Uluslararası Ekonomik Küçülme Hareketinin açık mektubu
Uluslararası Ekonomik Küçülme Hareketi, geçen yıl ülke liderlerine yönelik açık bir mektup yayımlayarak koronavirüs salgınından sonra şirketlerin değil, gezegenin ve insanların kurtarılmasına öncelik verilmesini istedi. 60 ülkeden 1.100’den fazla uzman ve 70’den fazla kuruluş tarafından imzalanan mektupta, “ekonomimizin düzelmesi ve adil bir toplumun temelinin atılması için beş ilke” sunuluyor.
1. Ekonomik sistemlerimizin merkezine hayatı yerleştirmek
Çabalarımızın merkezine, ekonomik büyüme ve savurgan üretim yerine, yaşam ve refahı koymalıyız. Fosil yakıt üretimi, savunma sanayii ve reklamcılık sektörlerinden mümkün olduğunca hızlı bir şekilde aşamalı olarak çıkmalıyız. Bu sırada sağlık, eğitim, yenilenebilir enerji ve ekolojik tarım gibi alanları korumalı ve bu alanların gelişmesini sağlamalıyız.
2. Herkes için iyi bir yaşamın ortaya çıkmasında hangi işlerin ne kadar gerekli olduğunu radikal bir şekilde yeniden değerlendirmek
Bakım işlerini daha fazla öne çıkarmalı ve kriz esnasında birinci derecede önemli olduğu kanıtlanmış mesleklere gerekli değeri vermeliyiz. Adil bir dönüşümü mümkün kılmak için yıkıcı sektörlerde çalışanların ihtiyaç duyduğu yapıcı ve daha temiz olan yeni iş türleri için eğitime erişimin sağlanması gerekir. Ayrıca genel olarak, mesai saatleri azaltmalı ve iş paylaşımı modelleri oluşturulmalıdır.
3. Temel mal ve hizmetlerin sağlanması hakkında toplumun örgütlenmesi
Müsrif tüketimi ve seyahatleri azaltmamız gerekirken yemek, barınma ve eğitim hakkı gibi temel insani ihtiyaçlar herkes için güvence altına alınmalıdır. Bunun için evrensel temel hizmetler veya evrensel temel gelir düzenlemeleri gibi araçlar kullanılabilir. Ayrıca, asgari ve azami gelir seviyeleri demokratik olarak tanımlanmalı ve uygulanmalıdır.

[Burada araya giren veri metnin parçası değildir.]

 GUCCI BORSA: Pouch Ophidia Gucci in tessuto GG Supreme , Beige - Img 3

4. Toplumun demokratikleştirilmesi
Toplumun demokratikleştirilmesi, tüm insanların hayatlarını etkileyen kararlara katılabilmesi, özellikle toplumdaki ötekileştirilmiş gruplar için daha fazla katılımın sağlanması ve feminist ilkelerin siyasete ve ekonomik sisteme dâhil edilmesi anlamına gelir. Küresel şirketlerin ve finans sektörünün gücü demokratik mülkiyet ve gözetimle önemli ölçüde azaltılmalıdır.

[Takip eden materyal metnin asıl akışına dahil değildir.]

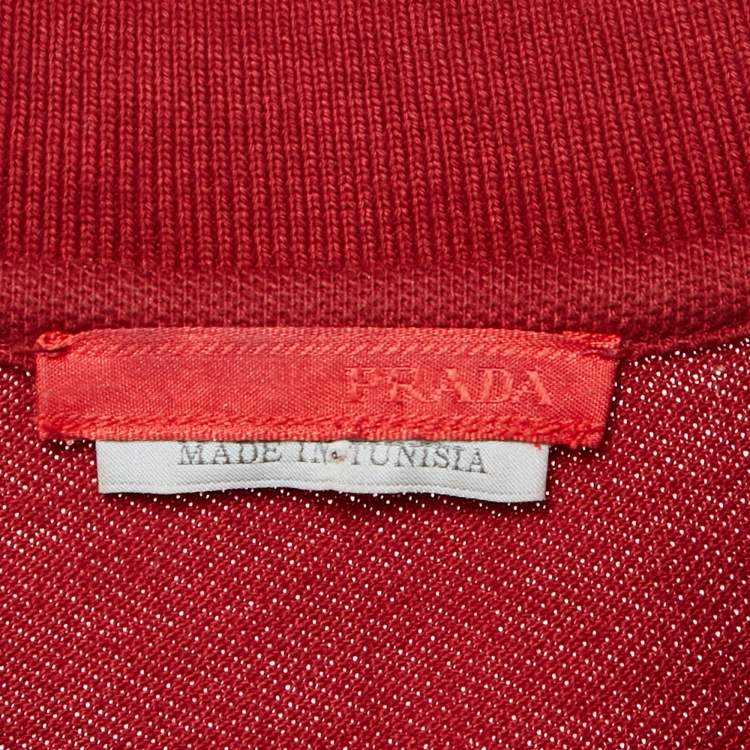 Pre Owned Prada Red Cotton Pique Polo T-Shirt L
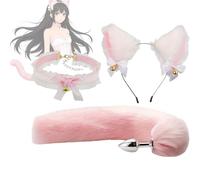 Heyokoy Ensemble cosplay rose doux et mignon pour petite amie féline avec bandeau à oreilles de chat et collier à nœud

Enerji, gıda, barınma, sağlık ve eğitim gibi temel ihtiyaçlara ilişkin sektörlerin meta olmaktan ve finansallaştırılmaktan çıkarılması gerekmektedir. İşbirliğine dayalı ekonomik faaliyetler (örneğin işçi kooperatifleri) teşvik edilmelidir.
5. Siyasi ve ekonomik sistemlerin dayanışma ilkesine dayanması
Yeniden dağıtım ve adalet, şimdiki ve gelecek nesiller, ülkelerdeki sosyal gruplar ve Küresel Güney ve Küresel Kuzey ülkeleri arasındaki uzlaşmanın temeli olmalıdır. Özellikle Küresel Kuzey ülkeleri, mevcut sömürü biçimlerini sona erdirmeli ve geçmişteki sömürü faaliyetleri için tazminat ödemelidir. İklim adaleti, hızlı bir sosyoekolojik dönüşümü yönlendiren ilke olmalıdır.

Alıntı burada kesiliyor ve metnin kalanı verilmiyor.